#### [TASK INSTRUCTIONS]
Write down exactly what lies from the line containing "Ryan ten Doeschate" to the end of the records, inclusive, and omit the pictures.

[Image-text web data]
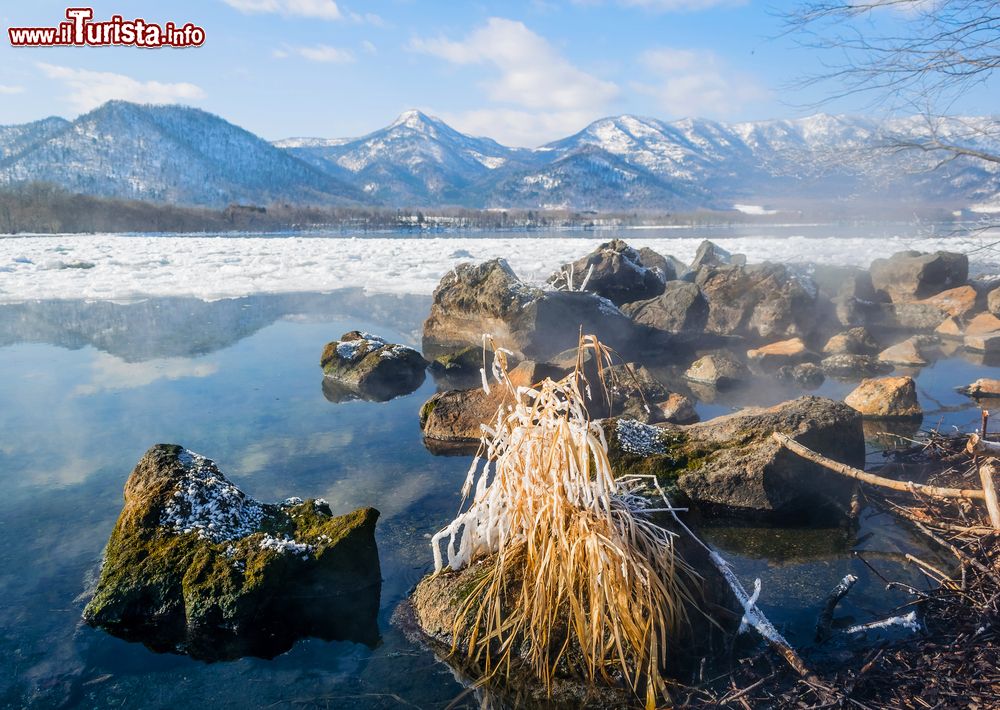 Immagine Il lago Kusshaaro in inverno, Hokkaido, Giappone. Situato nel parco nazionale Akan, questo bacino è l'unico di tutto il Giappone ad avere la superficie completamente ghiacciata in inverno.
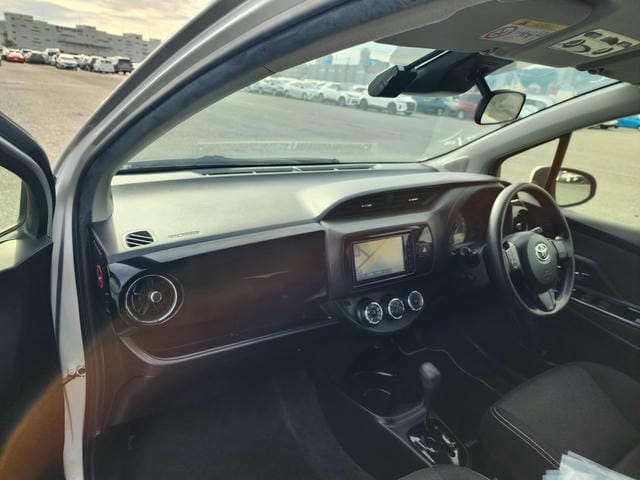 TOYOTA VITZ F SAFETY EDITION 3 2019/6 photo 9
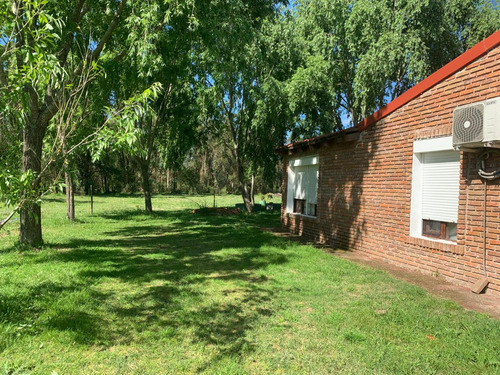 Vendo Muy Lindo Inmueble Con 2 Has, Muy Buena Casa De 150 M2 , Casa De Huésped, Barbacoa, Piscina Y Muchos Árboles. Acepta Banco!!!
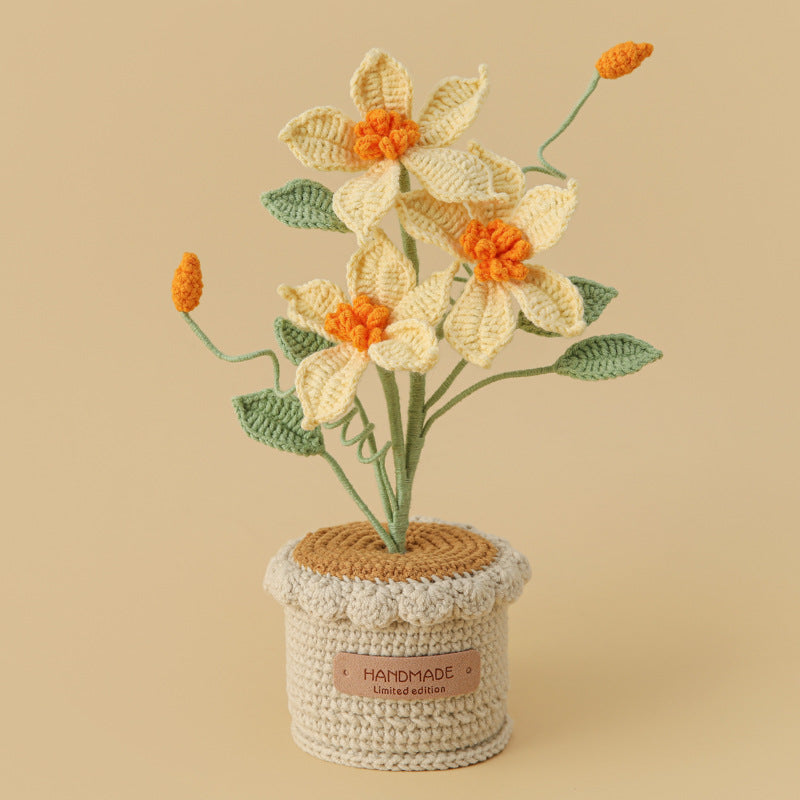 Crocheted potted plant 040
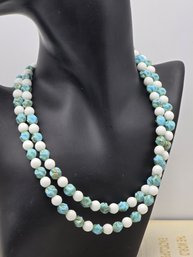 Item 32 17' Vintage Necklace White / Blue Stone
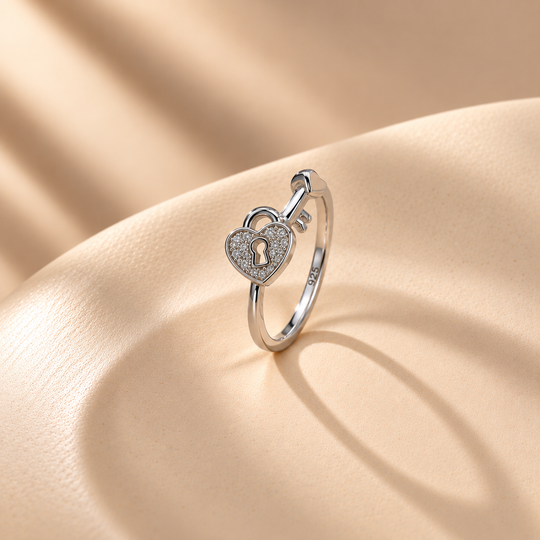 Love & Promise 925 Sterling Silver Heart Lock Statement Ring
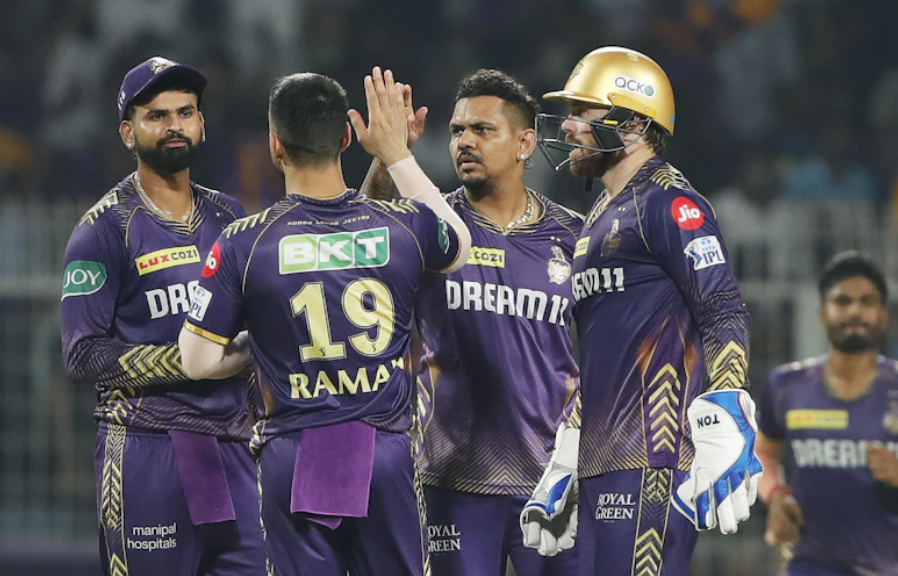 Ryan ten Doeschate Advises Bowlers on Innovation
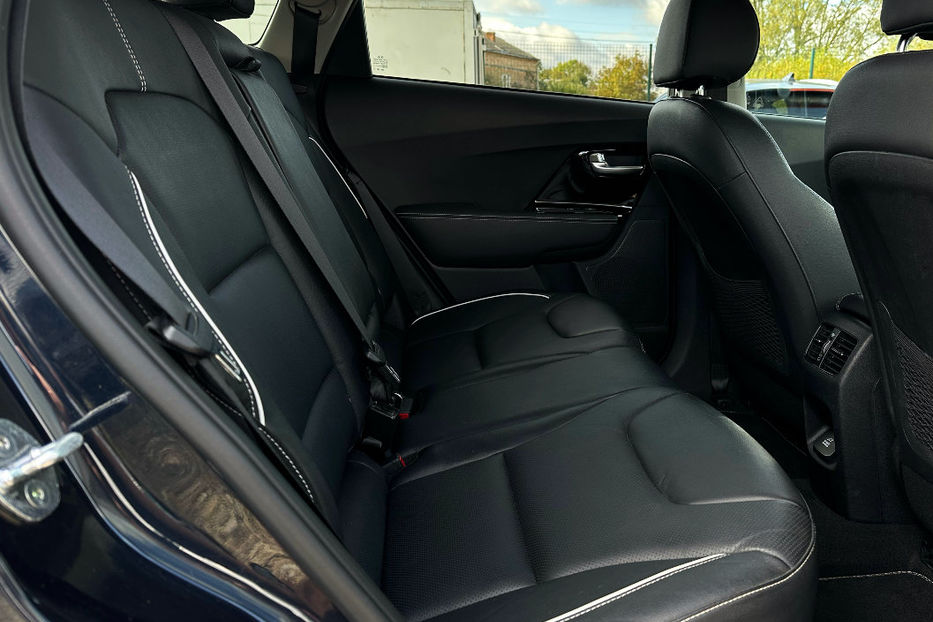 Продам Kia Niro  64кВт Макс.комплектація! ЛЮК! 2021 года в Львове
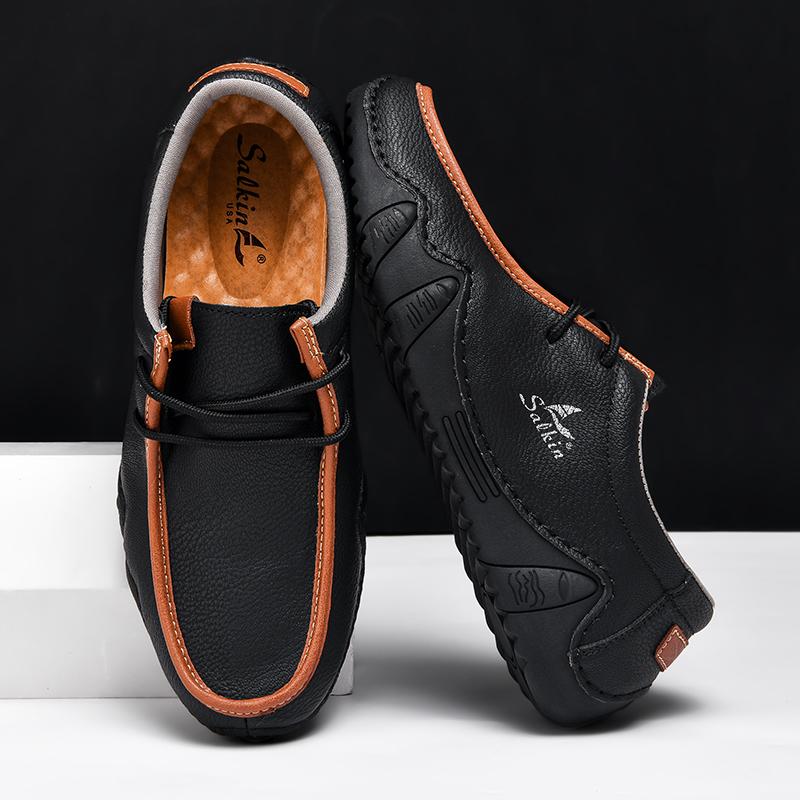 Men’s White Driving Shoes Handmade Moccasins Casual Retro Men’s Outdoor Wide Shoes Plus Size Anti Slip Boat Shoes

#### [ANSWER TO THE PROBLEM]
 Ryan ten Doeschate Advises Bowlers on Innovation
 Продам Kia Niro  64кВт Макс.комплектація! ЛЮК! 2021 года в Львове
 Men’s White Driving Shoes Handmade Moccasins Casual Retro Men’s Outdoor Wide Shoes Plus Size Anti Slip Boat Shoes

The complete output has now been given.